Gabriele uscì a passi brevi dal locale, si sentiva sconfitto, ripercorreva le immagini di quella serata, ma la rabbia lo aveva abbandonato, si sentiva estremamente triste, avrebbe voluto essere di nuovo un ragazzino, così qualora qualcuno lo avesse sorpreso a piangere non si sarebbe sentito giudicato.

Si avvicinò alla sua auto un po’ datata e inserì la chiave nel cilindretto della serratura per aprire la portiera che decise di non aprirsi.
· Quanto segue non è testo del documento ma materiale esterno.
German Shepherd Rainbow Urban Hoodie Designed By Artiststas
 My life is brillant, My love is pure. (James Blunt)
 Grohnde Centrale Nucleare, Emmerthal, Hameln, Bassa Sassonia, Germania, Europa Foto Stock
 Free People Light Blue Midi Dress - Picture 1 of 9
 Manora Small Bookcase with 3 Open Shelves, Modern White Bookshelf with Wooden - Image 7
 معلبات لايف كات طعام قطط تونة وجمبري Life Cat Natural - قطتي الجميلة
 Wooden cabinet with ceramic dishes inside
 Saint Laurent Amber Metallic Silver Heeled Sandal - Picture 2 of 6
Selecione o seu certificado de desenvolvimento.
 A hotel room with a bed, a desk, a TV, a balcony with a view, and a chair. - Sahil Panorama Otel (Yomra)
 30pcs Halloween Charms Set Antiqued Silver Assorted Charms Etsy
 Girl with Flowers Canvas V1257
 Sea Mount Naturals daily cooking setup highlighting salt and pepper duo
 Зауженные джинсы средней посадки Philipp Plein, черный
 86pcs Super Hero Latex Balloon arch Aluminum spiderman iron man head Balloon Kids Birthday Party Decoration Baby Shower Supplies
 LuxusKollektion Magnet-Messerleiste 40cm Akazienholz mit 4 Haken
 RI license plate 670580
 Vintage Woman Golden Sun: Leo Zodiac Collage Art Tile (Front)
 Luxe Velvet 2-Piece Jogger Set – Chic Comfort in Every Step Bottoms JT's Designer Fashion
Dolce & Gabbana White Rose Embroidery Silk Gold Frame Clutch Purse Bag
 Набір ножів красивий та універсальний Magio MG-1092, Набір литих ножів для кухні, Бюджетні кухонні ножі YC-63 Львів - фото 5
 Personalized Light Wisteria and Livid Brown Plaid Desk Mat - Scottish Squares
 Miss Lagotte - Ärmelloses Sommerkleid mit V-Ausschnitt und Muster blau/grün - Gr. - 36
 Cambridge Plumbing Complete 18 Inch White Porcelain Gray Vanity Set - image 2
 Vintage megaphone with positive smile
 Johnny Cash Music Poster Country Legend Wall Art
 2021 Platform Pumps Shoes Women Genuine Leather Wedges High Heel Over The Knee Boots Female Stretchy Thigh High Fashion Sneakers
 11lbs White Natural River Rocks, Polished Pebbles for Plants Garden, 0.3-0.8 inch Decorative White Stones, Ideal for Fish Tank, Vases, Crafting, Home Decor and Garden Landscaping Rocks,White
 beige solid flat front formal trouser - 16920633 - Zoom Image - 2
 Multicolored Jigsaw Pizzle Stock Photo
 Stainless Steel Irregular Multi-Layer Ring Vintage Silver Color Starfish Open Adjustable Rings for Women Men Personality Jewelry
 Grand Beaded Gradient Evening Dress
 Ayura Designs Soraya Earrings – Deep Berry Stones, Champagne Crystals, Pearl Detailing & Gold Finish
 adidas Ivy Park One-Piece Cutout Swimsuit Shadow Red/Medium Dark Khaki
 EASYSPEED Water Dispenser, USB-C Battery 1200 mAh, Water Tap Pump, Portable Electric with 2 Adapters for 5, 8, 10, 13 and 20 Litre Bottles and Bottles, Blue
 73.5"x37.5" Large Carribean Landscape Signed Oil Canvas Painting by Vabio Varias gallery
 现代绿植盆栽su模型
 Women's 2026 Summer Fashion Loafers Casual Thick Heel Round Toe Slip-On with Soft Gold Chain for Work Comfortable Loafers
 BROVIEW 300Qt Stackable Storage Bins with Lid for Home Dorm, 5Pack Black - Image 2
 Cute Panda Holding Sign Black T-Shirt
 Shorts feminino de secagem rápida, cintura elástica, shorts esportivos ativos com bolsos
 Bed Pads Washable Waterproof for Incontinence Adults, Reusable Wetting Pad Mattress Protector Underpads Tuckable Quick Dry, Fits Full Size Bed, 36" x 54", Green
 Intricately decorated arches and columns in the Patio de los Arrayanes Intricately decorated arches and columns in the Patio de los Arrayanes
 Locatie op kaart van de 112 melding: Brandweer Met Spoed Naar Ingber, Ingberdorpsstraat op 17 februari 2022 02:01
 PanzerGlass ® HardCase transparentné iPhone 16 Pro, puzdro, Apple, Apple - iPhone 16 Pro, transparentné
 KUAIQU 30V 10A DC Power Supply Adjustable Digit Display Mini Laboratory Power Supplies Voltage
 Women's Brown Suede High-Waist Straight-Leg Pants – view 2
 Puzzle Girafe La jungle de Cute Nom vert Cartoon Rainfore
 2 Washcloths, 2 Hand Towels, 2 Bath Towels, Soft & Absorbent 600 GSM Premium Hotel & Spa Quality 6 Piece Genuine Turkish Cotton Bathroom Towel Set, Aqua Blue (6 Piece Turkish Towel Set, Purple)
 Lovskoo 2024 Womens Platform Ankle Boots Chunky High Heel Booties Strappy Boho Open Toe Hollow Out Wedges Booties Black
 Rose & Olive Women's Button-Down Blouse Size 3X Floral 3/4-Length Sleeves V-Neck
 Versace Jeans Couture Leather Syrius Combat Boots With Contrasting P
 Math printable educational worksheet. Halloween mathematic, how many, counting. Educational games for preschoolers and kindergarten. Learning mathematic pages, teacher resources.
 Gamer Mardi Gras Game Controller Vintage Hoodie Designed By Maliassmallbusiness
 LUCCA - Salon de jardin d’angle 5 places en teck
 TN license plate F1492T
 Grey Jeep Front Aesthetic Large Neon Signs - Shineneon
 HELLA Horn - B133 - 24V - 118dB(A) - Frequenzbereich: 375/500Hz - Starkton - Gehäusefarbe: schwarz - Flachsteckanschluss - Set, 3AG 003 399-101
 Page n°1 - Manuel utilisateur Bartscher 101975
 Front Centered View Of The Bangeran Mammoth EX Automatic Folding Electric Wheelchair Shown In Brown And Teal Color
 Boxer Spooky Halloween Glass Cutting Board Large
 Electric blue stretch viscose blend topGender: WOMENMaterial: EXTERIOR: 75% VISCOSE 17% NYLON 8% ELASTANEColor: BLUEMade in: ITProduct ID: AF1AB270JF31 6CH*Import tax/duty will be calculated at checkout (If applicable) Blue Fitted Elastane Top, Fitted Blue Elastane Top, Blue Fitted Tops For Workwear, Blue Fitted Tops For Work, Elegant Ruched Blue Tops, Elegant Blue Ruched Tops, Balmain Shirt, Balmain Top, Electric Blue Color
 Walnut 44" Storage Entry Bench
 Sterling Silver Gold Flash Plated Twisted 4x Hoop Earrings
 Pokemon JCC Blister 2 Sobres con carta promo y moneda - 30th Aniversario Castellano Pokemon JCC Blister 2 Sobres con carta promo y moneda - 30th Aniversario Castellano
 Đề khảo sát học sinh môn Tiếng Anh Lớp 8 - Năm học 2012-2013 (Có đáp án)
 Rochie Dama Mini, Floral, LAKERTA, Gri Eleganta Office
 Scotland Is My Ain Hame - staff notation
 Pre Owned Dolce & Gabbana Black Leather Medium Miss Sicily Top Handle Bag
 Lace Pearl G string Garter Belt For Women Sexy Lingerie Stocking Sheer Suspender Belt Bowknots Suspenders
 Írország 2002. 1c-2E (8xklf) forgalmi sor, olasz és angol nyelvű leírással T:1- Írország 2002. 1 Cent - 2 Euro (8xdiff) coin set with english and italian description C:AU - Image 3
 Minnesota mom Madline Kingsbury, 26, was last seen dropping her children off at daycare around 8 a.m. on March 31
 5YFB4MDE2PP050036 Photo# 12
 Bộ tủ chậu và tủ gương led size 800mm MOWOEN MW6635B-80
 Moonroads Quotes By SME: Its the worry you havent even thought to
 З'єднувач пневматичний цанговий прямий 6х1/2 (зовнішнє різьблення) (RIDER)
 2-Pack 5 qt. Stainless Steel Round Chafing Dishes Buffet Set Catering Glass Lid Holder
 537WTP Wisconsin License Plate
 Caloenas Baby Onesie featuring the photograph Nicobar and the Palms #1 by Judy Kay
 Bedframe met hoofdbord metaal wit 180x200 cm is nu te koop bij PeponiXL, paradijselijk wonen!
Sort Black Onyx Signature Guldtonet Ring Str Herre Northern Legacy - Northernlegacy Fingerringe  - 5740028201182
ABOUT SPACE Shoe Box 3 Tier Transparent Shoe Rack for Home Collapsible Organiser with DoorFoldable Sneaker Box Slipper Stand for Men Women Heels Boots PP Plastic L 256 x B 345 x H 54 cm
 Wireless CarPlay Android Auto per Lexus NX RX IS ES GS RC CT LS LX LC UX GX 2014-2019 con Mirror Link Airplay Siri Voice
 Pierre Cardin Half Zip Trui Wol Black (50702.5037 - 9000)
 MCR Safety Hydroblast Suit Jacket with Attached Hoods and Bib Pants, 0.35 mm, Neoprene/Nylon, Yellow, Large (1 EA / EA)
Gabriele sembrava incredulo, sentenziò la sorte nella sua mente chiamandola ingiusta, non meritava anche questo in quella notte.

Pregava la portiera dell’auto di aprirsi come un prigioniero che sta per essere giustiziato e prega il suo boia di non abbatterlo. Girò con più forza, ma niente, la portiera ferma e impassibile non sembrava aver intenzione di favorirlo. In quel momento sentì una goccia sul viso, poi altre tre, poi ancora altre, fin quando le gocce non divennero come secchiate d’acqua che cadevano dal cielo. Gabriele rimase immobile, con le dita che tenevano la chiave incastrata nel cilindretto. Un lampo veloce seguito da un tuono imponente accompagnarono la scena, la pioggia sembrò scendere ancora più violentemente.

In quel momento Gabriele si concesse il lusso di piangere, se pure qualcuno fosse passato a quell’ora della notte avrebbe confuso le sue lacrime con la pioggia.

Appoggiato sulla carrozzeria della sua auto tirò la maniglia della portiera di scatto, disperatamente come se volesse sradicarla. Questa si aprì inspiegabilmente con un click sonoro, forse il fato aveva deciso che per quella sera ne aveva avuto abbastanza.

Dopo il tragitto in auto si trovò davanti la porta di casa finalmente, era fradicio. Cercò di aprire la porta lentamente senza emettere rumori che avrebbero potuto svegliare la sua famiglia. Sua moglie però era lì ad aspettarlo, non poteva prendere sonno fin quando il suo uomo non era con loro. Nella penombra dell’ingresso e grazie anche alla stanchezza, la moglie non notò che il marito fosse bagnato fradicio. Dal divano su cui era seduta chiese come fosse andata la giornata di lavoro.

Il marito rispose chiedendo dove fosse la piccola di casa e se stesse bene.

“Sì, sta dormendo come un angioletto nella sua cameretta”.

Quindi di nuovo la moglie chiese al marito ” come é andata la serata”?

“Bene amore mio”, rispose Gabriele cercando di suonare sincero e rilassato, “é andata benissimo”.